Back to the Suburbs.

The friendliest little city around is not a city, and not especially friendly. Apparently gang activity there is growing at an alarming rate. This can’t mean anything good for the state of our society, when gangs come to a suburban “town” whose whole only claims to fame are

1. IKEA, which is probably twice the size of Reagan National Airport;
2. Potomac Mills—the world’s largest outlet mall—which is probably three times the size of Reagan National Airport; and
3. All the streets are in alphabetical order.

Dale City lies about 30 miles south of DC. I grew up in Dale City, in the house where my mother still lives. When we moved into that house some twenty-two years ago, our house was one of a few houses surrounded by a field. The elementary school I would attend, the houses that my neighborhood friends would live in weren’t there yet. We’d pick blackberries in the field and spot deer from the swingset.

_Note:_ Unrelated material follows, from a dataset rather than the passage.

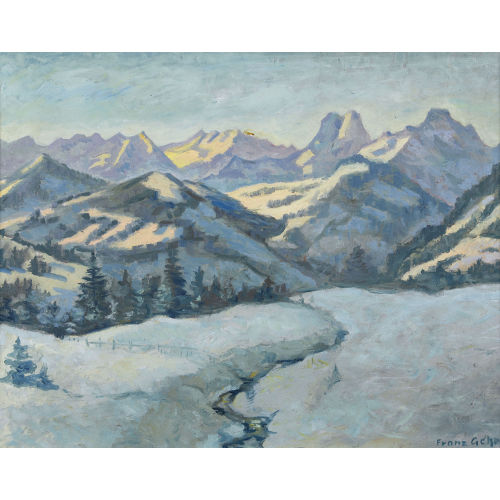 FRANZ GEHRI : Winterliche Berglandschaft (DOBIASCHOFSKY AUKTIONEN AG)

Today, as you can imagine, the fields and trees in the vicinity of my mother’s house are largely gone, thought the streets are all lined with large twenty-odd year old trees. The only exception is the tree in the front yard of Mom’s. Despite being older than everyone else’s the tree is a tiny. We call it the pencil tree. It is aptly named.

All the nonpencil trees and fields outside the confines of our yard seemingly gave their lives to make room for more houses or the First, Second, Third, (and so on) Baptist Churches of Dale City. Just what is keeping the First Baptists from going to praise the lord with the Second Baptists five flipping blocks down the road, I’d love to know. I wish they would though, and sodding leave some trees lying about.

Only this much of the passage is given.